### Records from a data source
╭──

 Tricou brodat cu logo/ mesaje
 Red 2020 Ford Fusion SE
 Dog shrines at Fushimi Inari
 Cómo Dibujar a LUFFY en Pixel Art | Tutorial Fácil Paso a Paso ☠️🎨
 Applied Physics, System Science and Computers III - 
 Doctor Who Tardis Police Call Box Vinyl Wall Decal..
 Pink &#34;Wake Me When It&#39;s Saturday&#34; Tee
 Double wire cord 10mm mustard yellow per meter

╰──

### Task item
Would you write the records out again, word for word?

### Worked solution
 Tricou brodat cu logo/ mesaje
 Red 2020 Ford Fusion SE
 Dog shrines at Fushimi Inari
 Cómo Dibujar a LUFFY en Pixel Art | Tutorial Fácil Paso a Paso ☠️🎨
 Applied Physics, System Science and Computers III - 
 Doctor Who Tardis Police Call Box Vinyl Wall Decal..
 Pink &#34;Wake Me When It&#39;s Saturday&#34; Tee
 Double wire cord 10mm mustard yellow per meter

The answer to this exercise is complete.